There’s been a cautious revival in recent years. Though Romania’s 90 cinemas are a fraction of the country’s Communist-era peak, that figure represents a nearly 20% increase from just five years ago, spurred by renewed efforts to renovate and restore old movie theaters. At the third edition of the Transilvania Talent Lab, which took place May 29 – June 2 during the Transilvania Intl. Film Festival, participants gathered to address how to make the most of that improvement, focusing on ways to professionalize an often ragtag network of independent theater operators scattered across far-flung provinces.

“There are so many things that you have to factor in, depending on where your cinema is, what is the building, what is the neighborhood, and what you want to do with it,” says Boglarka Nagy, programming manager of Bucharest’s Elvire Popesco Cinema, who led a series of Talent Lab workshops. Many independent cinema owners, she says, assume running a movie theater is just a matter of “turning on the projector…[and] pushing the play button. It’s not.”

The Talent Lab offered 10 exhibitors from Romania and neighboring Moldova a chance to develop their management skills and better understand how to market and promote movies. Part of the aim was to help theater owners understand what it takes to build a community of film-lovers, from digitizing cinemas to developing partnerships with local media to figuring out “who your audience is, and [how to] to cater to their needs,” says Nagy.

“For some of them, they are very skeptical,” says TIFF industry manager Dorina Oarga, who notes that many independent Romanian theaters are run by municipal authorities with no formal cinema management training. “Some, they are very surprised. They’ve been working in the cinema for 20 years, and nobody came to say, ‘Look, you can improve.’”

The numbers suggest cause for guarded optimism among local exhibitors. Admissions have risen more than 50% since 2013; total box office in that period jumped from $40.3 million in 2013 to $66.9 million last year, according to the National Film Center. While much of that success could be attributed to the expansion of Cinema City, Romania’s largest theater chain, which opened its 26th multiplex in May, the steady growth suggests even arthouse exhibitors stand to benefit from improved ways of doing business.
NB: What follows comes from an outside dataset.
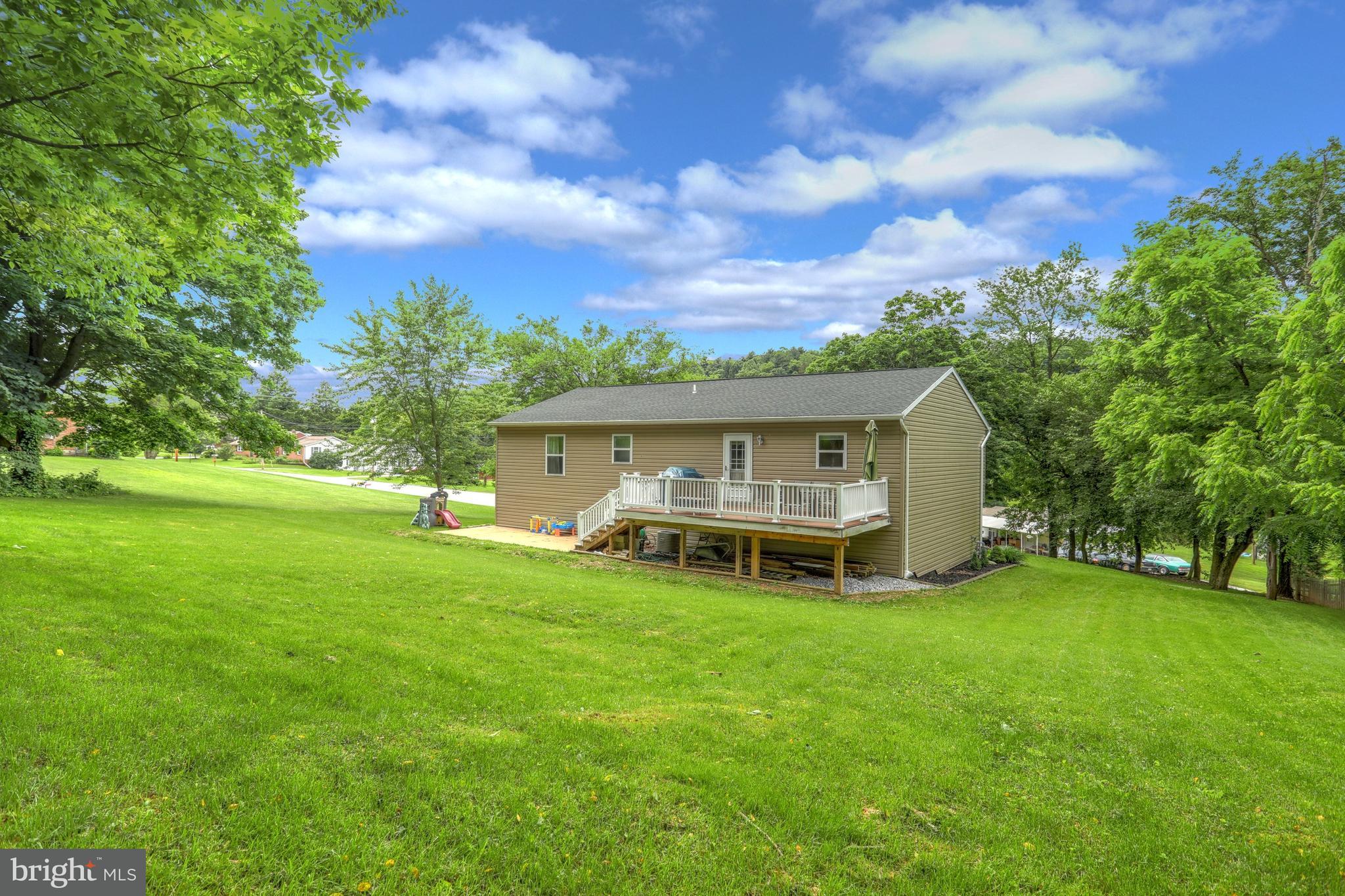 9147 East Springfield Road Seven Valleys, PA 17360 - Photo 6 of 28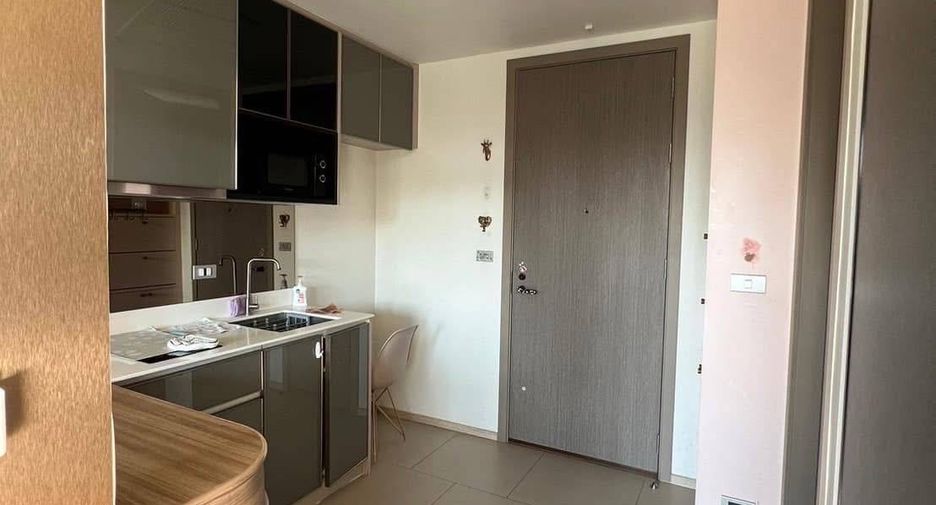 For rent 1 bed condo in Phaya Thai, Bangkok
“It’s very necessary,” says former culture minister Corina Suteu, whose Film ETC. Association assists and consults with municipalities across Romania to revive local cinemas. The organization partnered with TIFF, Europa Cinemas, and the Association of Municipalities in Romania on May 31 to host a one-day event focused on teaching local authorities that cinemas can be engines of economic growth and development.

“The audiences are there,” says Suteu. “We just don’t give them what they need.”